Tuesday, September 02, 2014

India can expect the media's "Israel treatment"

What is the media's "Israel treatment"?  It is the imposition of a general narrative over the situation, which then mandates that all events be interpreted within its framework; all editorial decisions about what gets covered (and what does not) and how it is covered must come out of that narrative.  Matti Friedman, who was an Associated Press reporter and editor in its Jerusalem bureau from 2006-2011, has done an excellent job of describing how that narrative works to mislead populations whose misinformed actions then seem to validate this "narrative construct that is largely fiction."  How would such a narrative work to distort any actions India might take to save Hindus in Bangladesh?

The media and its slavish followers have decided that Indian Prime Minister Narendra Modi is a "bad guy" and that Bangladesh is a "moderate Muslim country,"  both of which are as far from the truth as one can get.  If PM Modi is a bad guy, so must be the overwhelming number of Indians who gave him a landslide mandate in the world's largest democratic election ever.  Moreover, I have the pleasure of knowing him and know that he is sincere in his aspirations for his nation and all of its people.  On the other hand, Bangladesh has fallen under the grip of Islamists, who now control most of its major institutions.  (Al Qaeda and ISIS have recently opened offices there.)  Another of the media's cherished myths is that the current party in power, the Awami League, is the "good party," as opposed to its major opponent, the BNP,  Like the rest of the narrative, that too does not stand up to the reality of ongoing ethnic cleansing of Hindus and others in Bangladesh with the government's tacit support.

Here is one example of how the narrative distorts reality to make good guys into bad and bad guys into good.  Earlier this year, I was in Assam's tribal areas and observed the cultural and ecological damage massive infiltration from Bangladesh has brought to the region.  Forests are being destroyed, poaching is bringing both the elephant and one-horned rhino to the brink of extinction; the natives' children are being sent out of the area for their safety with the parents having little hope that they will return to their tribal culture; an ancient way of life and the ecology that supports it are dying, and the people in the area are restive.  On several occasions, that restiveness has erupted into violence (I've interviewed several elderly tribal victims of the violence); and the only thing preventing another, major eruption is the people's expectation that new Indian PM will protect them.  Yet, I told tribal leaders earlier this year that if they try to expel illegal infiltrators, the media will feature "bedraggled refugees," alleged victims of "nationalists."  Moreover, no major media outlet has covered the devastation to their land and way of life--even after Bangladeshi PM Sheikh Hasina promised a continued flow of illegal aliens to Assam.

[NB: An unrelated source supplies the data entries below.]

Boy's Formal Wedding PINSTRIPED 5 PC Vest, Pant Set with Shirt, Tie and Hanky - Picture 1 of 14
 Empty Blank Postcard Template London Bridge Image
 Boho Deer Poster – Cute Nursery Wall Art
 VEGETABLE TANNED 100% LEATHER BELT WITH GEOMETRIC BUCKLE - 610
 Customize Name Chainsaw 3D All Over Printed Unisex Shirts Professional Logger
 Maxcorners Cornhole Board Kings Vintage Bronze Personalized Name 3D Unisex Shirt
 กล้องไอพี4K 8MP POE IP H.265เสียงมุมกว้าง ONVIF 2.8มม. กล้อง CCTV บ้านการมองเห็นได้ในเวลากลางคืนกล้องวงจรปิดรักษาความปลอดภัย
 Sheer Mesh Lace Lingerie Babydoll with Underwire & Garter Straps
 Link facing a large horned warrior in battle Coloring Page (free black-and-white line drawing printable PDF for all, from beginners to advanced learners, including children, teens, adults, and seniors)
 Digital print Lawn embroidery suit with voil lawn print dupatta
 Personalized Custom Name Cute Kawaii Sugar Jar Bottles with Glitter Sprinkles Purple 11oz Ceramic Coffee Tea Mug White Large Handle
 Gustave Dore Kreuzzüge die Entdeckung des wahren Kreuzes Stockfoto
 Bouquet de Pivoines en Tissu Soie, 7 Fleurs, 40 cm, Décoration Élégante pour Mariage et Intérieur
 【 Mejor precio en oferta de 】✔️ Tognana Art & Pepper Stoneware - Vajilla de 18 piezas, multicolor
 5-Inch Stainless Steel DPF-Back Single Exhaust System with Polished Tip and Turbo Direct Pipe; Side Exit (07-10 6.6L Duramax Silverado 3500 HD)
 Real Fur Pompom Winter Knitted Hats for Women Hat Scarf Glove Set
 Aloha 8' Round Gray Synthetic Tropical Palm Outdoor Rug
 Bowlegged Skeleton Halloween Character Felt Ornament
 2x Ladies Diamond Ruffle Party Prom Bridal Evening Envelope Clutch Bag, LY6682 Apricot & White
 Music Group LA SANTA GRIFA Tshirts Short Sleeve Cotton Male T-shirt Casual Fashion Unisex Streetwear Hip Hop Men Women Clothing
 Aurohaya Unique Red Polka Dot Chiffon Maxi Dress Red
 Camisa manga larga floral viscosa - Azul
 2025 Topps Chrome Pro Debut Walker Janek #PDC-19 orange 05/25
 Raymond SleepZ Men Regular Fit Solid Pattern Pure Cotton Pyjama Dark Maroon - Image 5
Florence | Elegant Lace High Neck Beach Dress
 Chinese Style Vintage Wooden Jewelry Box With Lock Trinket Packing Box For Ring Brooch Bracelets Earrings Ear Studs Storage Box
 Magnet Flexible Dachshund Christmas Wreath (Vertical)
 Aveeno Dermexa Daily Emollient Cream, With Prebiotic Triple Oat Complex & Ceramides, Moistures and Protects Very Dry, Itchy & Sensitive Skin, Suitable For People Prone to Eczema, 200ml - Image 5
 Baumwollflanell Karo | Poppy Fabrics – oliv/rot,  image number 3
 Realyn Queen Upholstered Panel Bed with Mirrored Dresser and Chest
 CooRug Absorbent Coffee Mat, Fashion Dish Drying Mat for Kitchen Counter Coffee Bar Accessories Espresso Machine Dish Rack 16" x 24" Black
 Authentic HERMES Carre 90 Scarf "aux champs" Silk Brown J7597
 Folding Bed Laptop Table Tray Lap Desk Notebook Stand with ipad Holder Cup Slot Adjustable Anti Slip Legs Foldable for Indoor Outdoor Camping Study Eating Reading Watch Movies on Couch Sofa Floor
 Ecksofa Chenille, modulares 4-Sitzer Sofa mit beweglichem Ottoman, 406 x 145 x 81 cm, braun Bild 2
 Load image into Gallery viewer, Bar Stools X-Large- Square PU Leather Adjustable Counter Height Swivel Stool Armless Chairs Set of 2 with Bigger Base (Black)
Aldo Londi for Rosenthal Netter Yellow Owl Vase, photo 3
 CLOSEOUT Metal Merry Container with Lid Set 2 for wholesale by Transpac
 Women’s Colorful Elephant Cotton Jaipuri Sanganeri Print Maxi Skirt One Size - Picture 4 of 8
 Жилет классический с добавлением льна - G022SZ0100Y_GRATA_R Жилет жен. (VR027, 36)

The media has left India with three difficult options.  It can cave into the narrative in an attempt to avoid criticism at the price of its people's safety.  It can ignore the narrative and hope that one day people will recognize the reality of the situation.  It can attempt some hybrid that probably leans toward the second option but attempts to mollify its critics. If the Israel experience is any guide, the first option is a disaster and will only invite more anti-Hindu rhetoric; and the third will prevent India from achieving the goals it wants to in order to protect its people. The second road is a tough one that brings potentially high political costs to the leader who follows it.  My own sense is that after centuries of other nations--first the mughals then the British then the West in general--treating India in a patronizing way and lecturing it on right and wrong; India is about to flex its muscles under Prime Minister Narendra Modi and take its rightful place as a world economic, cultural, and military leader.  How it handles the flood of infiltrators from Bangladesh, the Prime Minister's pre-election promise to protect neighboring Hindus from ongoing and state-supported persecution, and similar matters will test its mettle in the face of the narrative makers.